In this blog post we have implemented a set of basic SQL computations and shown how they can be performed on data represented as Z-sets. We have started by defining a criterion which tells us when a Z-set computation correctly emulates a database computation. Z-sets are strictly more expressive than traditional database relations or multisets -- for example, Z-sets can describe collections where elements appear a negative number of times. We require our implementations of database computations to be correct for Z-sets that have positive weights.

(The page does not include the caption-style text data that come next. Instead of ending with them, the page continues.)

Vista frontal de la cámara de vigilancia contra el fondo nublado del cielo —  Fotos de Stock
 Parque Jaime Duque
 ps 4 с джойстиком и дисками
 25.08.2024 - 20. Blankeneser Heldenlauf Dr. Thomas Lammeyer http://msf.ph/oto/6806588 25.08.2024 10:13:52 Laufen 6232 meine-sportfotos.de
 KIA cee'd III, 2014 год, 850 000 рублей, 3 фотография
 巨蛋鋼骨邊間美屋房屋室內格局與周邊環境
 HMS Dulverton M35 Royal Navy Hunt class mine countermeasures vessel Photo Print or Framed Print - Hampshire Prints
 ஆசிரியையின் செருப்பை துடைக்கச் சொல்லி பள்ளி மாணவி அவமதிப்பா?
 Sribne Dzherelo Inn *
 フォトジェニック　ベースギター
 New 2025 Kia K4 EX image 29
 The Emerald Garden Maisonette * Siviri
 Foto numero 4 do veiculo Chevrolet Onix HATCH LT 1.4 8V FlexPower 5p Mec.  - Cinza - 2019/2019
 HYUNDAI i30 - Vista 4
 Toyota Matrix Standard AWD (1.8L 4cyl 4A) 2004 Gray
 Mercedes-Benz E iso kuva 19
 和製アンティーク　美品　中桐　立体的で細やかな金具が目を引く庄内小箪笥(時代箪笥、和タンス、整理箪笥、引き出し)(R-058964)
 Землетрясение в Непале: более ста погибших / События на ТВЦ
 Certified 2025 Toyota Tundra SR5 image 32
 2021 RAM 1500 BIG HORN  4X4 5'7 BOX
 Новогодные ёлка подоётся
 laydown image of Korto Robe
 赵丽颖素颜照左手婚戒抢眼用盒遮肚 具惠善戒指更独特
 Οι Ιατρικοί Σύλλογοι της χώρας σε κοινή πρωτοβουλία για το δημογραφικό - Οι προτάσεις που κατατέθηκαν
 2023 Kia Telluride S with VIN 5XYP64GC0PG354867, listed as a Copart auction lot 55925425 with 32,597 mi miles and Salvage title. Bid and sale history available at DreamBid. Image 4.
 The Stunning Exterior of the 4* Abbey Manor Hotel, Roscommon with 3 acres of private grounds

We have implemented the following operators: SELECT, WHERE, CROSS JOIN, UNION, EXCEPT, and aggregations. A remarkable feature of this implementation is how short the code for each of these operations is: none of the implementations has more than 10 lines of Java. However, let us remember that these implementations are not optimized for performance. However, it is still handy to have a simple implementation around: if we build a more complicated one, optimized for speed or memory, we can compare the behavior with the simple one to more easily find bugs.

In the next blog post in the series we implement additional operations, such as GROUP BY, JOINS, and aggregations on groups.


  1. Mathematicians call such diagrams "commutative diagrams": no matter which path you take from a source to a sink in this diagram, you should obtain the same result.
  2. SQL is very peculiar in this respect: for some functions like COUNT(*) the result for an empty collection is 0, but for functions like COUNT() or SUM the result is NULL for a collection which has only NULL values; doing this properly will require some additional machinery. We have not discussed at all how to implement NULL values, so far all our Z-set operations work with an abstract Data type; we will discuss NULLs in a future blog post. Here we build an implementation which returns 0 for an empty set.)